Hey all, he's ok thanks. I think he's feeling a bit guilty, which is expected, but we've explained it's not his fault. It could have happened to anyone.
The other dog is very lonely. My partner slept on the sofa with her to keep her company. She knows her Mom has gone, not sure if she knows she's died. Definitely acting different. We don't usually allow the dogs on the sofa, but put a blanket on there as she doesn't seem to want to sleep in her crate where she usually sleeps.
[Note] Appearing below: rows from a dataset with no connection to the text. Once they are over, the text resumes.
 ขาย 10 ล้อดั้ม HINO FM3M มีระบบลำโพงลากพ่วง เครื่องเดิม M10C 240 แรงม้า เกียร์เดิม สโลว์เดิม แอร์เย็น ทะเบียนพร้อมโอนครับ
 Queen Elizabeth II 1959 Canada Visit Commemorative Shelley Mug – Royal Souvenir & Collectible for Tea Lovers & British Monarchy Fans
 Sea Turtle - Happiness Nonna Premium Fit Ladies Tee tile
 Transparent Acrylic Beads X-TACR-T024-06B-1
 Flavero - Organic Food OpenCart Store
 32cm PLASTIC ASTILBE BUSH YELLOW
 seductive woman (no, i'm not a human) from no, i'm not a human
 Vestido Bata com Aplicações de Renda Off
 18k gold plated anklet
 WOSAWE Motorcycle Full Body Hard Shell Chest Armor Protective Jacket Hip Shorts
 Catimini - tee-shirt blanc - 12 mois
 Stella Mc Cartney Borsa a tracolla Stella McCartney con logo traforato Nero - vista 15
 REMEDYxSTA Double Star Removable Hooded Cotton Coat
I'm a bit gutted because in the moment my partner said "You didn't care about them anyway you wanted me to get rid of them". Which isn't true, I said if she can't clean the dog mess it's best to rehome them so we don't get evicted and our son has no home. She agreed when she got them to clean the dog mess as it's not something I can do. I vomit. I didn't want dogs but said it's cool if she keeps the garden clean and I'll help out with the rest. But, I understand she is upset and angry about this situation. Just got to me a little. I think it's because I deal with loss differently. I'm not the type to get visibly upset or show any emotion at all. I know people can misinterpret that but of course I cared. I used to take them on walks, she was my friend and was loyal to me. Every time I made a cup of tea I'd have a play with her. Kind of feel like I'm not allowed to be upset. I dunno.
The house feels really strange without her here. She's been a part of the furniture for 8 years.